(Required action)
Your output should be the complete listing, word for word, with no pictures in it.

(The data)
+===+
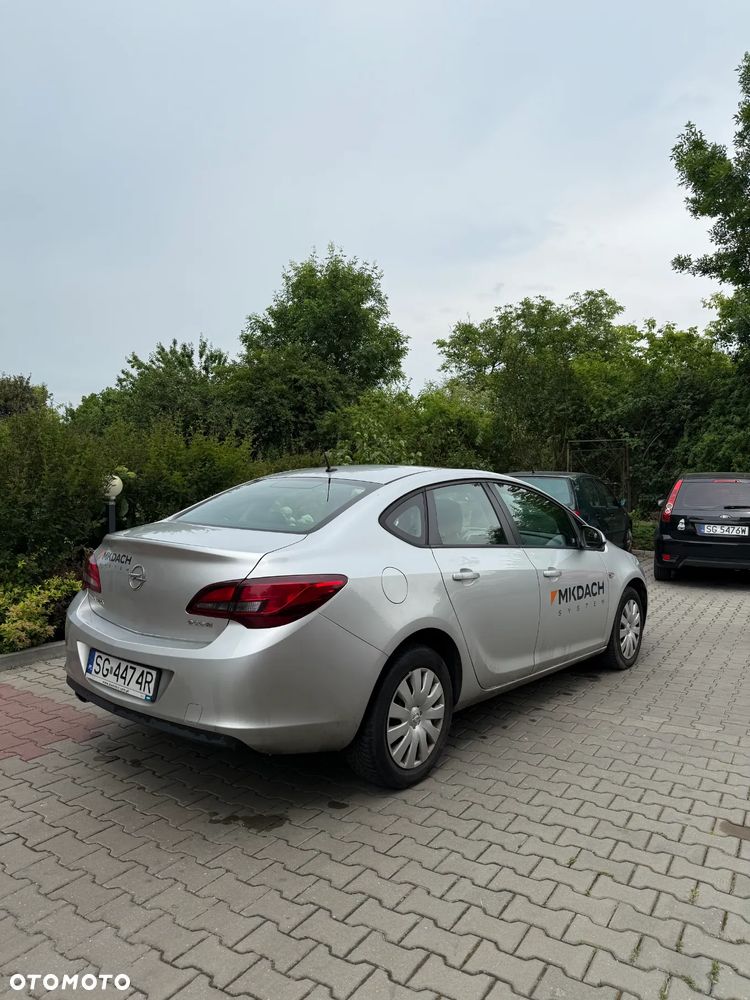Opel Astra IV 1.4 T Essentia EU6 - 6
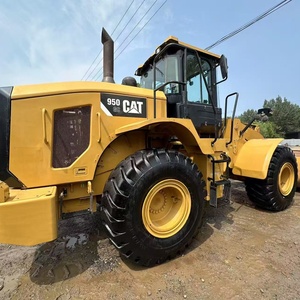 Chargeuse sur pneus CAT 950 GC jaune, équipement de construction d'occasion, vue de face - Product Image 1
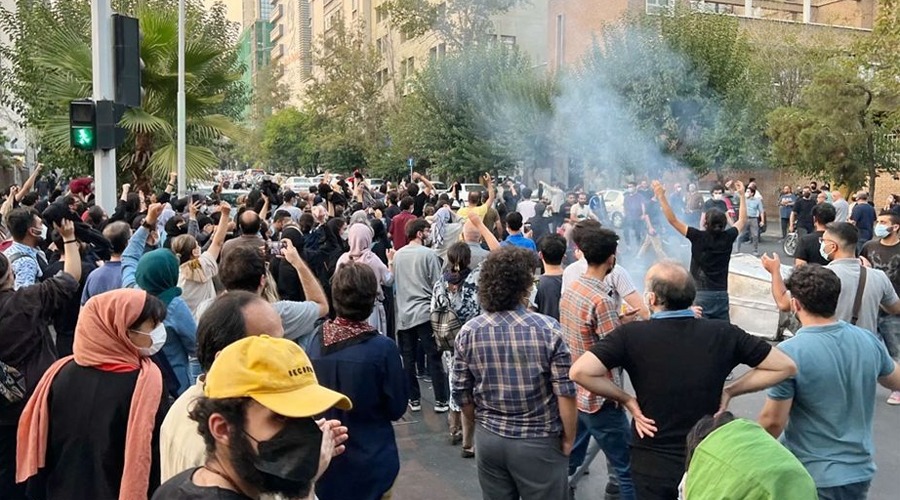 ইরানে আবারও শুরু হলো জেন-জি বিক্ষোভ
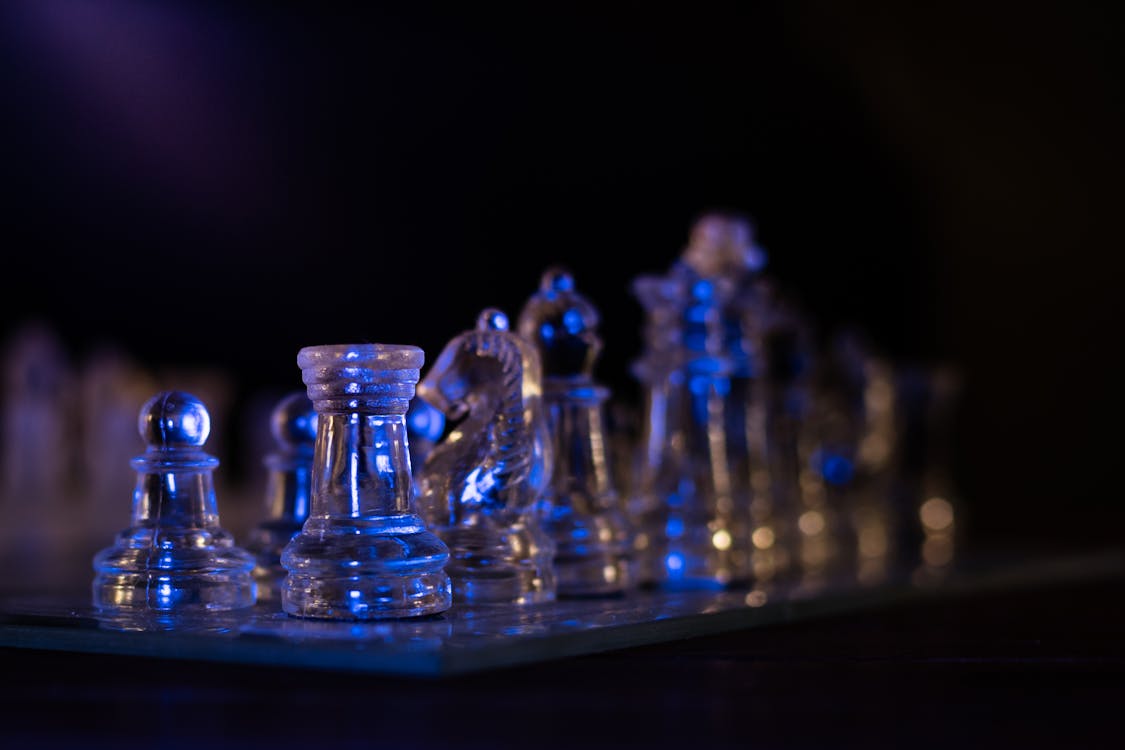 1125x750 Clear Glass Chess Pieces · Free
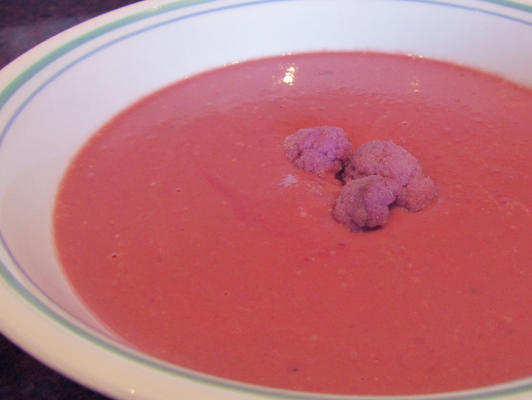 Sopa roxa da paixão! sopa de couve-flor e batata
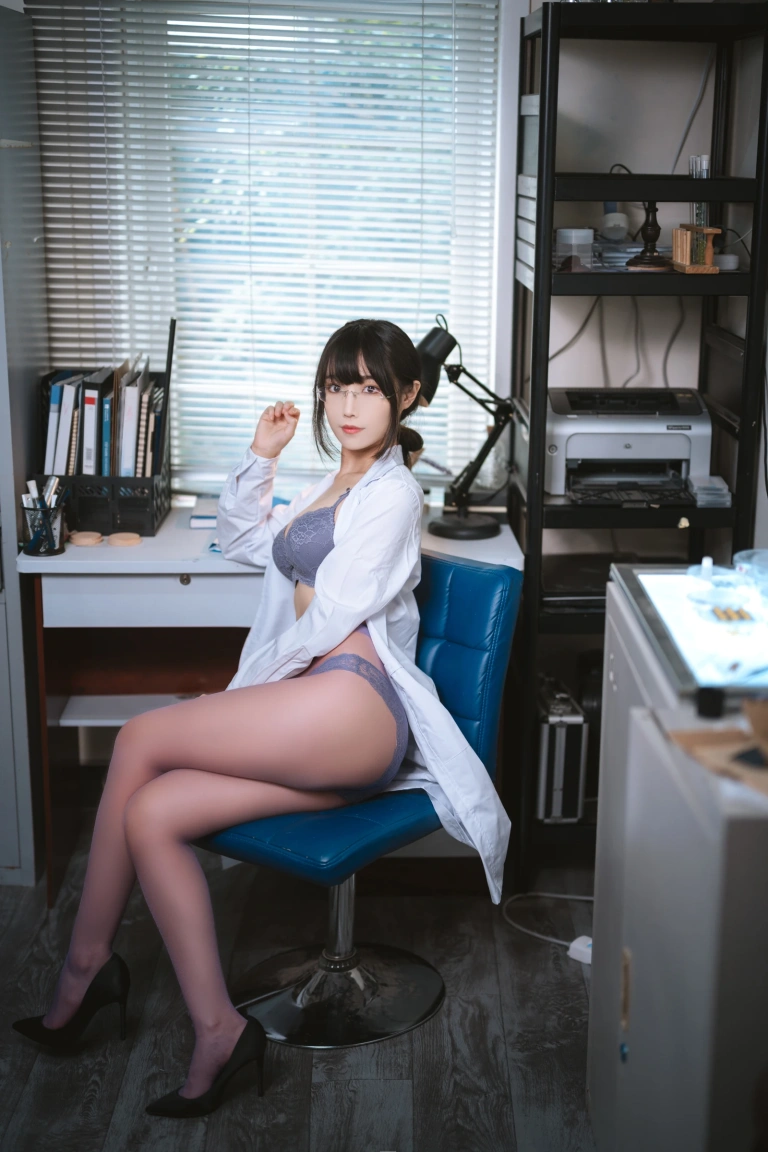 汪知子《医生姐姐》主题写真：34张全套美图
+===+
(Answer to this exercise)
Opel Astra IV 1.4 T Essentia EU6 - 6
 Chargeuse sur pneus CAT 950 GC jaune, équipement de construction d'occasion, vue de face - Product Image 1
 ইরানে আবারও শুরু হলো জেন-জি বিক্ষোভ
 1125x750 Clear Glass Chess Pieces · Free
 Sopa roxa da paixão! sopa de couve-flor e batata
 汪知子《医生姐姐》主题写真：34张全套美图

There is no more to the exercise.